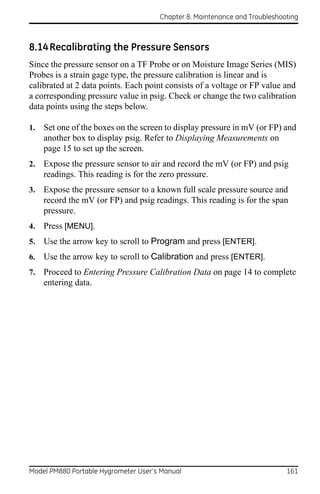 Chapter 8. Maintenance and Troubleshooting



8.14 Recalibrating the Pressure Sensors
Since the pressure sensor on a TF Probe or on Moisture Image Series (MIS)
Probes is a strain gage type, the pressure calibration is linear and is
calibrated at 2 data points. Each point consists of a voltage or FP value and
a corresponding pressure value in psig. Check or change the two calibration
data points using the steps below.

1.   Set one of the boxes on the screen to display pressure in mV (or FP) and
     another box to display psig. Refer to Displaying Measurements on
     page 15 to set up the screen.
2.   Expose the pressure sensor to air and record the mV (or FP) and psig
     readings. This reading is for the zero pressure.
3.   Expose the pressure sensor to a known full scale pressure source and
     record the mV (or FP) and psig readings. This reading is for the span
     pressure.
4.   Press [MENU].
5.   Use the arrow key to scroll to Program and press [ENTER].
6.   Use the arrow key to scroll to Calibration and press [ENTER].
7.   Proceed to Entering Pressure Calibration Data on page 14 to complete
     entering data.




Model PM880 Portable Hygrometer User’s Manual                               161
══════════════════════════════
If a line in the data holds the string "screen", copy that line.

→ Response area:
1.   Set one of the boxes on the screen to display pressure in mV (or FP) and
     page 15 to set up the screen.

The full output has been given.